About this exercise - Go to the line containing "Devia Python Silicone" in the records below and retype from there through the final line, exactly.

[Extracted records]
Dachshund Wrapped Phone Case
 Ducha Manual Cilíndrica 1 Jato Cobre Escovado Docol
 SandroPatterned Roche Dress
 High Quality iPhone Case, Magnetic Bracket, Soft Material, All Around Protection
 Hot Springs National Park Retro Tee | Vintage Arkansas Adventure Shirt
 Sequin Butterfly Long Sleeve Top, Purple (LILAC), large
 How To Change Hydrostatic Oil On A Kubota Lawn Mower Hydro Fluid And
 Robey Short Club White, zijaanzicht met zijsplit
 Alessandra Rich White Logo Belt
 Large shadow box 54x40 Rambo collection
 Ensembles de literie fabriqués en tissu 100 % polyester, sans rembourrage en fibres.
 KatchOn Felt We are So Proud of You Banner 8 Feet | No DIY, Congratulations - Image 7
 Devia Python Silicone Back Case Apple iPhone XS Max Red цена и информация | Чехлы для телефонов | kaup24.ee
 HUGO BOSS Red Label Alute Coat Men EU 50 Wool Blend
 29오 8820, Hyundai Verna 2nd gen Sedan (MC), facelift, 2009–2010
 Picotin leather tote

Response -
 Devia Python Silicone Back Case Apple iPhone XS Max Red цена и информация | Чехлы для телефонов | kaup24.ee
 HUGO BOSS Red Label Alute Coat Men EU 50 Wool Blend
 29오 8820, Hyundai Verna 2nd gen Sedan (MC), facelift, 2009–2010
 Picotin leather tote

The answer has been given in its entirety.